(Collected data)
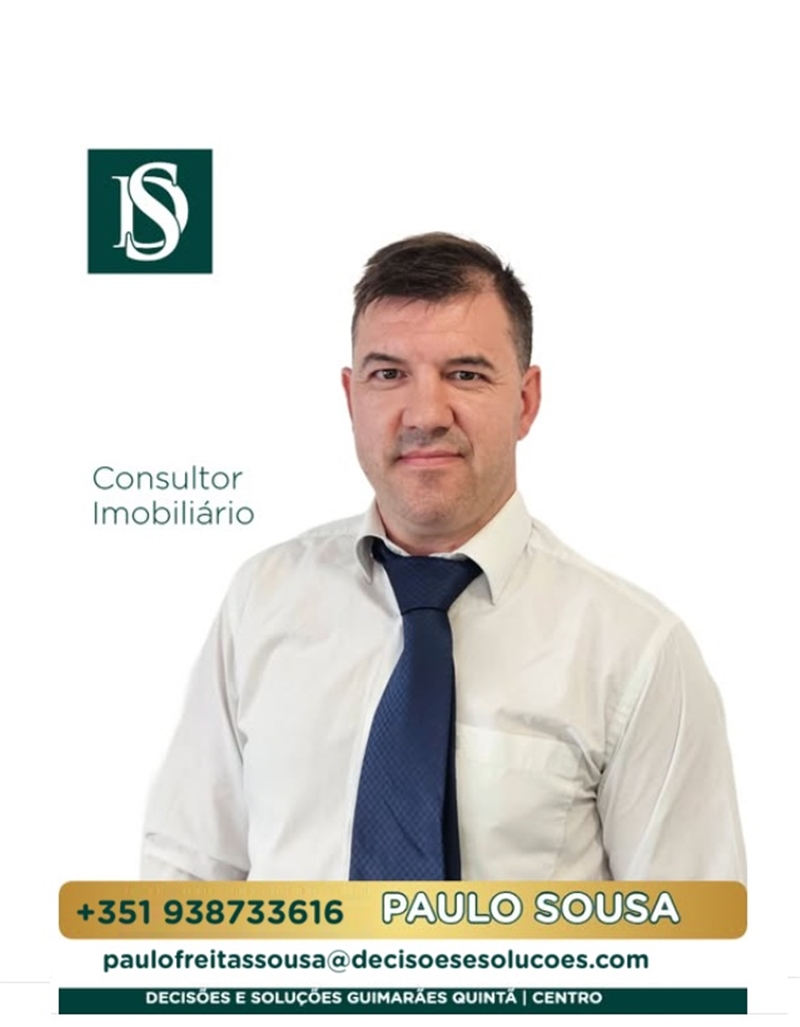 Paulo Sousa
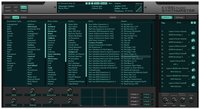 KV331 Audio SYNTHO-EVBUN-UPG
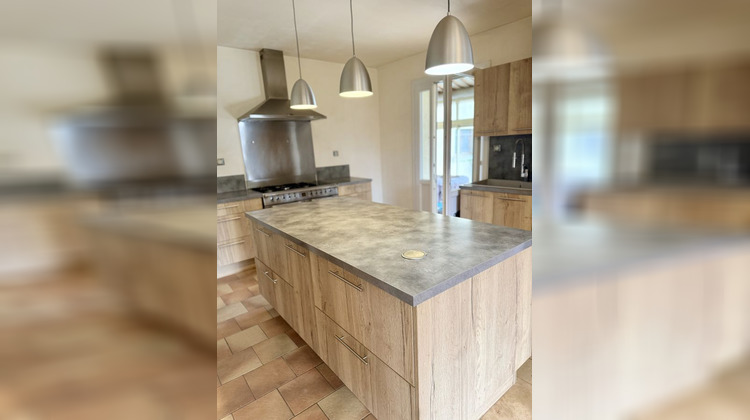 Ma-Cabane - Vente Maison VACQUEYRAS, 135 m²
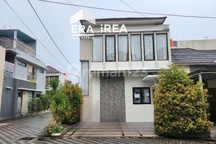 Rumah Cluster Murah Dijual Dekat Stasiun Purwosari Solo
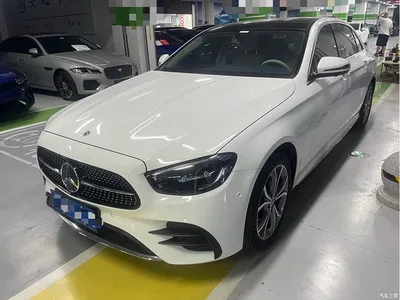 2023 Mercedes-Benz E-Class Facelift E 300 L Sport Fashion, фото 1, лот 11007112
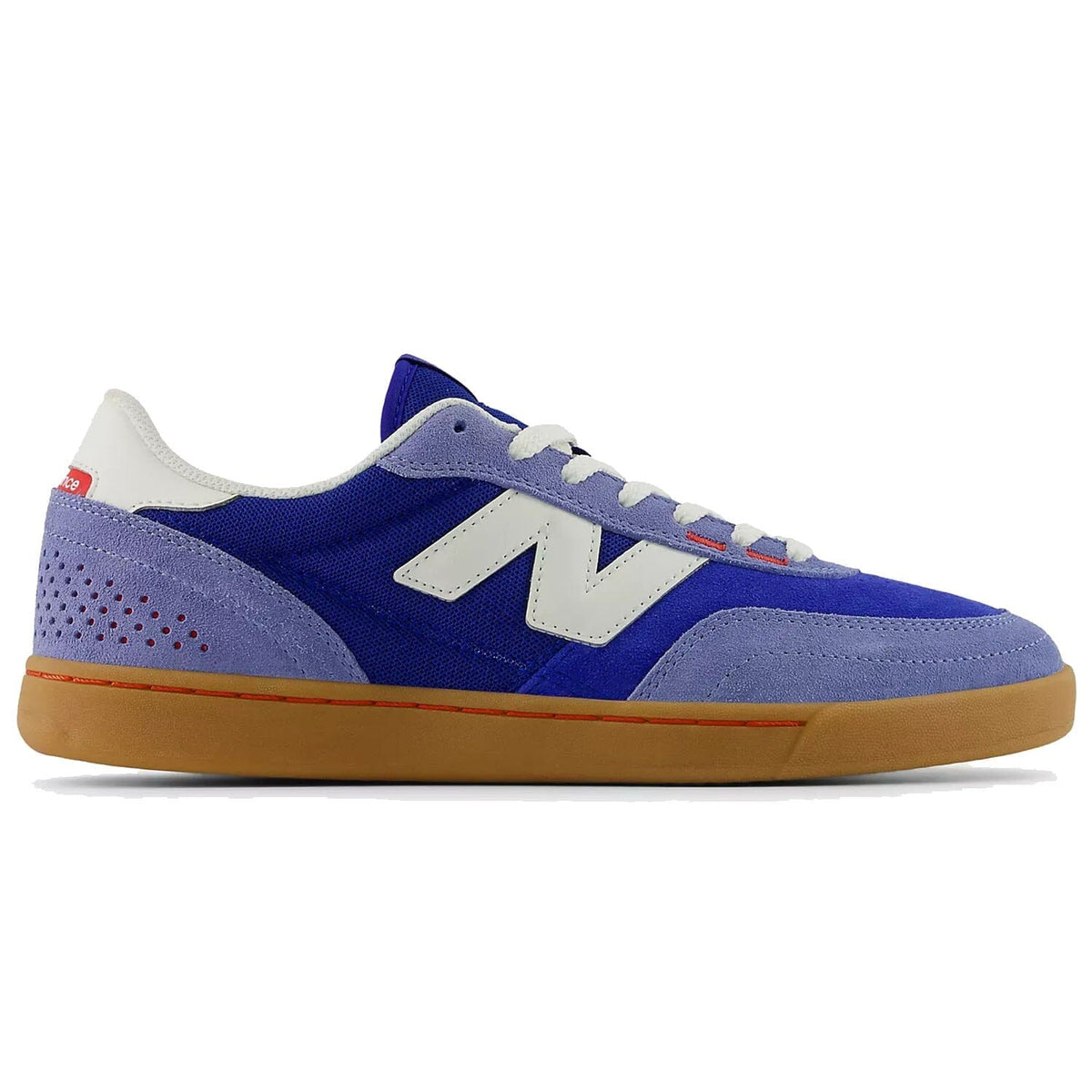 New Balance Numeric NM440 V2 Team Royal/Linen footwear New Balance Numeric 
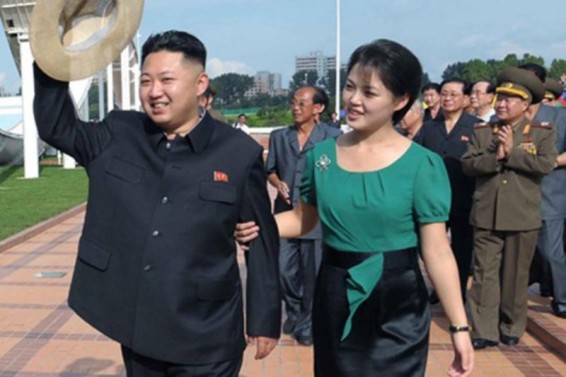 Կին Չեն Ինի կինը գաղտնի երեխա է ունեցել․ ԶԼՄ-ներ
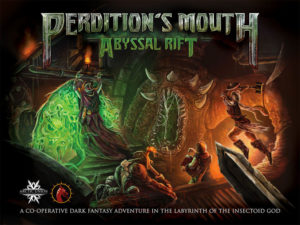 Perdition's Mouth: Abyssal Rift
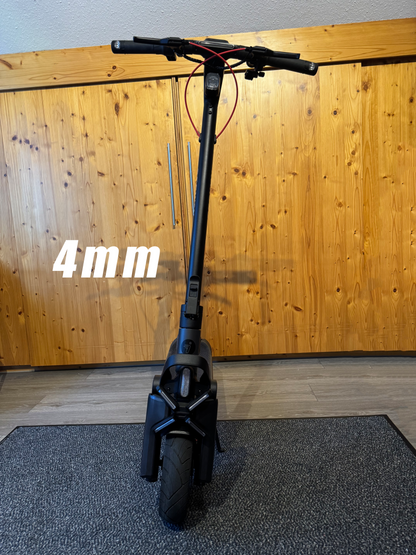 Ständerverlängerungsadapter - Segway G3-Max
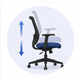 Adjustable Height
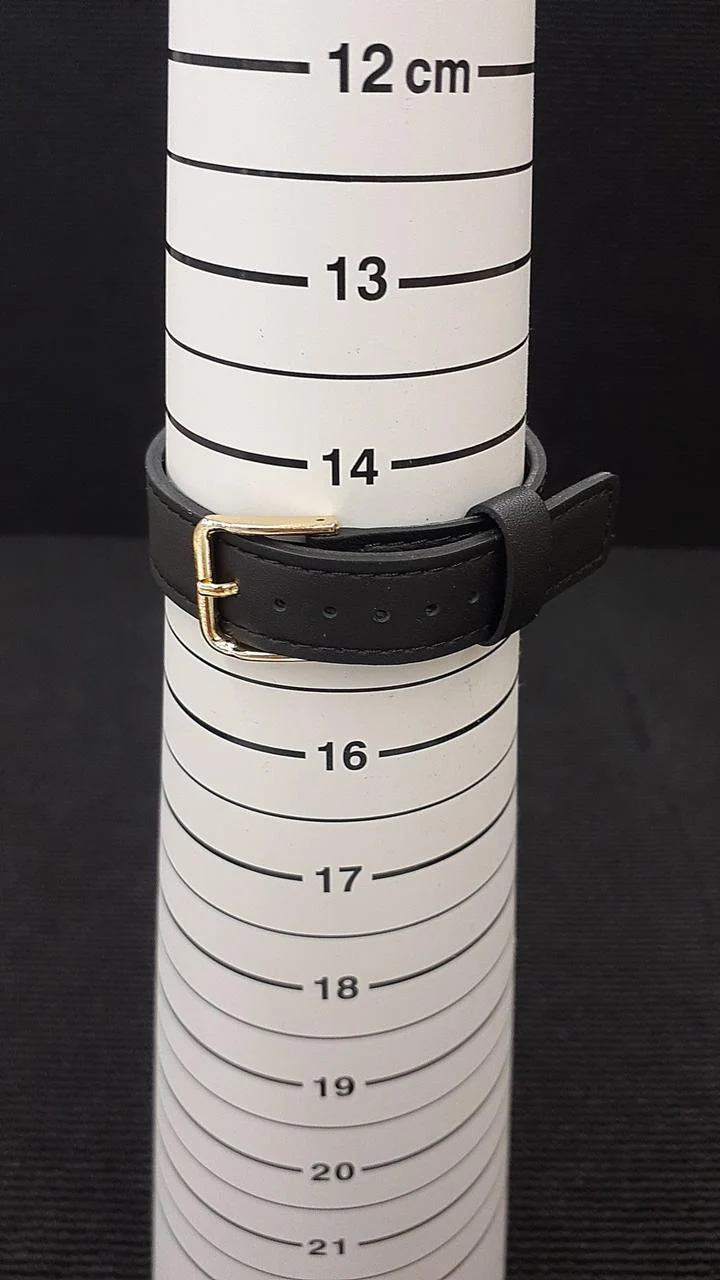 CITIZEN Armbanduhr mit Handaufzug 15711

◆ **Activity**: What the answer must hold: all the data above, given again exactly, without pictures.

◆ **Solution to the exercise**:
 Paulo Sousa
 KV331 Audio SYNTHO-EVBUN-UPG
 Ma-Cabane - Vente Maison VACQUEYRAS, 135 m²
 Rumah Cluster Murah Dijual Dekat Stasiun Purwosari Solo
 2023 Mercedes-Benz E-Class Facelift E 300 L Sport Fashion, фото 1, лот 11007112
 New Balance Numeric NM440 V2 Team Royal/Linen footwear New Balance Numeric 
 Կին Չեն Ինի կինը գաղտնի երեխա է ունեցել․ ԶԼՄ-ներ
 Perdition's Mouth: Abyssal Rift
 Ständerverlängerungsadapter - Segway G3-Max
 Adjustable Height
 CITIZEN Armbanduhr mit Handaufzug 15711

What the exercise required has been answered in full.